Also, let's look at Rain of Needles.

Rain of Needles is a 2nd-level Wu Jen [Metal] spell that, at maximum, can do 20 points of damage to a SINGLE target, no save. If you cause it to affect two targets, that's 10 points of damage each, four targets get 5 points each, and so on. And that's the MAXIMUM it can do, at 5th-level. It even requires a Ranged Attack roll against each target. Then, look at Hail of Stone- a 1st-level spell that has the same damage cap (5d4), except that it affects everyone in a 5-foot radius, doesn't require an attack roll, and doesn't need a save- so, at maximum, it could do 20 points of damage to FOUR people. True, it has a 5-gp material component as a balancing factor, but it's a FULL LEVEL below Rain of Needles. What gives?
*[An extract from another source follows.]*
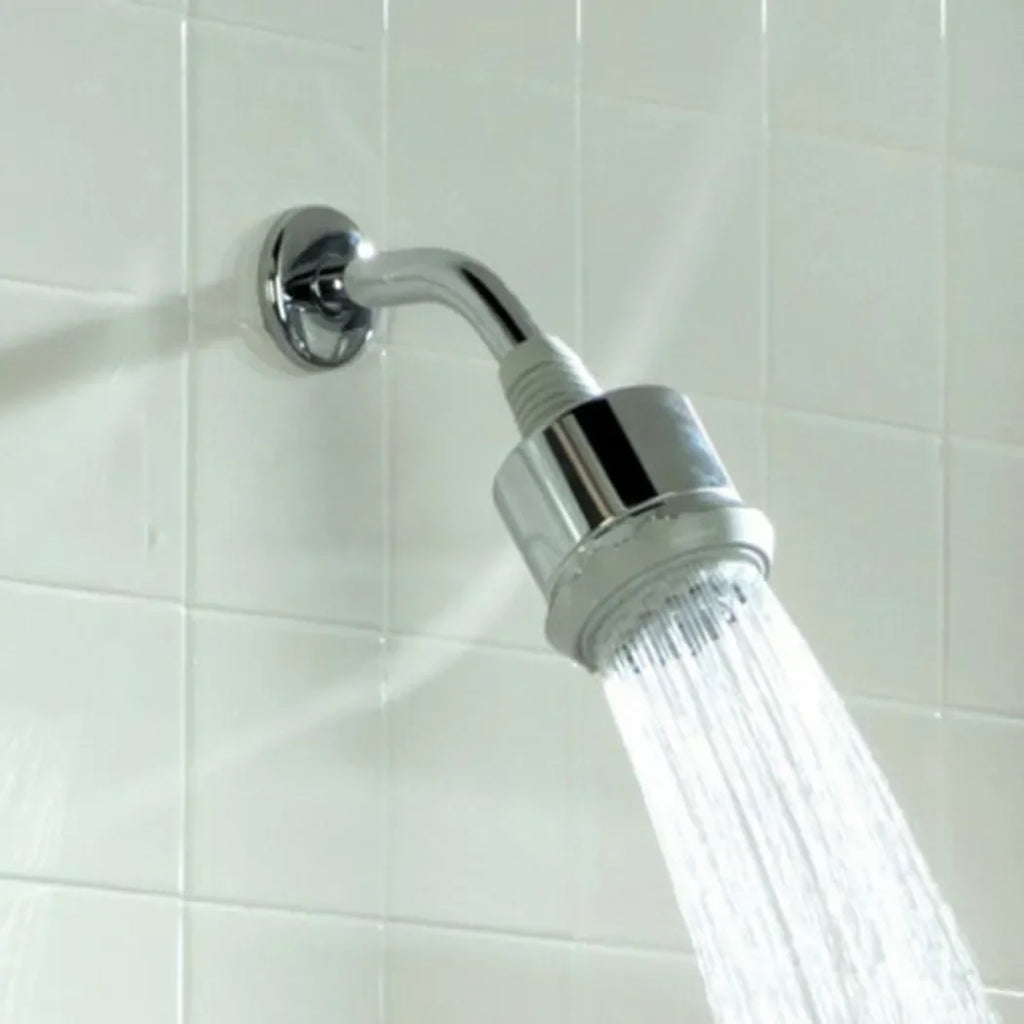 Bathroom Rainfall Shower Head Silver Chrome Water Saving Extension Shower Arm Bathroom Accessories Faucet Replacement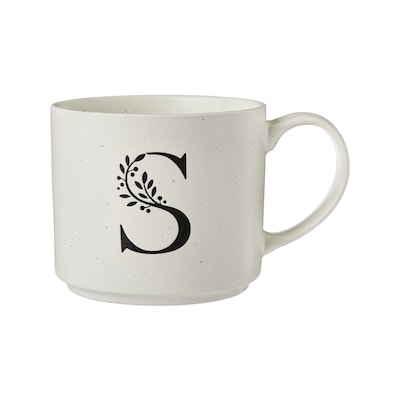 Life at Home Monogram Mug - Letter S 1 ea, $8.00/1ea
Also, one error I noticed in the Wall of Bones spell is that, according to the spell, a creature can attempt to make a Strength check to break through the wall, with a DC of 15 + 2 per caster level, maximum +10- meaning that you get the maximum effect once you've reached 5th level. Well, it's a 4th-level spell, meaning you can't even cast it until you're 7th level. Is the cap supposed to be higher? Is it supposed to be +1 per level instead of +2 per level?

Oh, and Protection from Charm (Wu Jen 2) doesn't seem useful to me at all. It grants the recipient a resistance bonus of +1 per three caster levels (maximum +5) against any Will save against a Charm of Compulsion spell or effect. That, in and of itself, isn't very good (considering that it's a resistance bonus, which every PC is going to have by the time it's useful, as well as the fact that it only goes to one save). But the worst part? It's only a round/level! So, for a 2nd-level spell, you get a bonus to one save that probably won't stack with what you already have, and the only time you'll be able to cast it is when you know someone's about to cast a Charm or Compulsion spell on you. What the heck?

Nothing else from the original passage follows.